#### [REQUIRED WORK]
Skip the pictures, and retype the data below in full, exactly.

#### [SUPPLIED MATERIAL]
_____

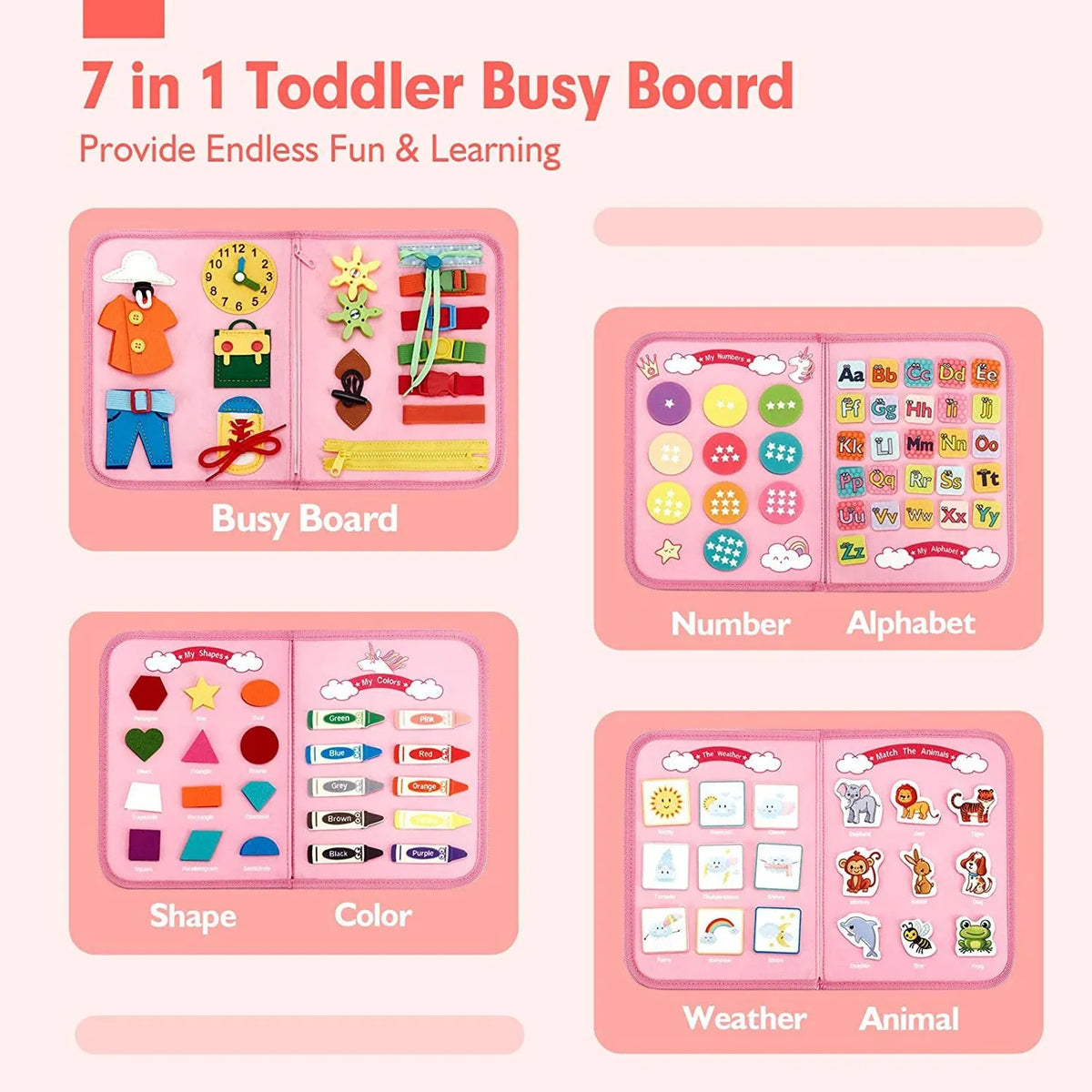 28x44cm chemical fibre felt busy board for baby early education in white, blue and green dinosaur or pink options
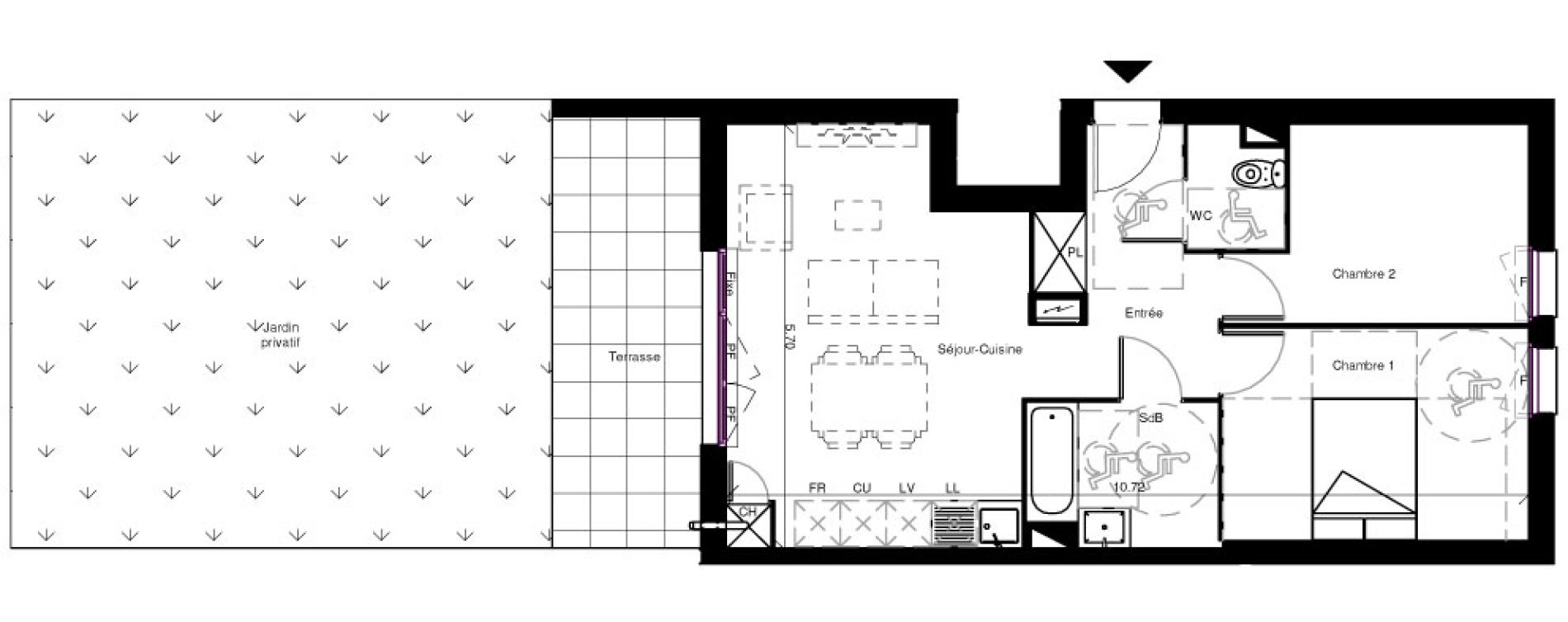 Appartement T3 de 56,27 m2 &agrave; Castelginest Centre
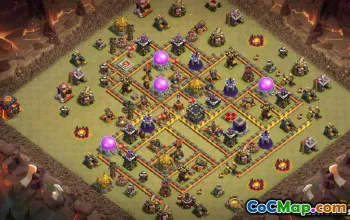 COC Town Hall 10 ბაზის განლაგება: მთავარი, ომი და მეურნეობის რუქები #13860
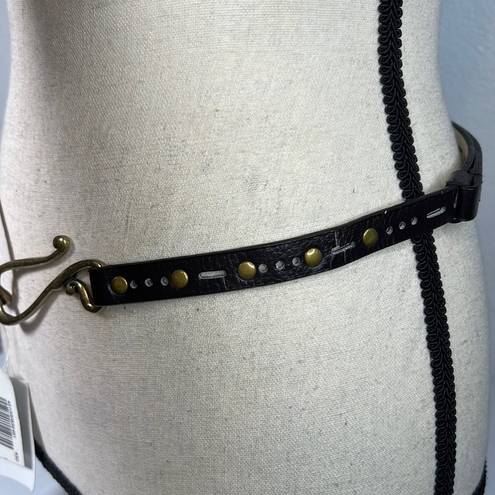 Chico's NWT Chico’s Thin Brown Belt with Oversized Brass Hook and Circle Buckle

_____

#### [REPLY TO THE TASK]
 28x44cm chemical fibre felt busy board for baby early education in white, blue and green dinosaur or pink options
 Appartement T3 de 56,27 m2 &agrave; Castelginest Centre
 COC Town Hall 10 ბაზის განლაგება: მთავარი, ომი და მეურნეობის რუქები #13860
 Chico's NWT Chico’s Thin Brown Belt with Oversized Brass Hook and Circle Buckle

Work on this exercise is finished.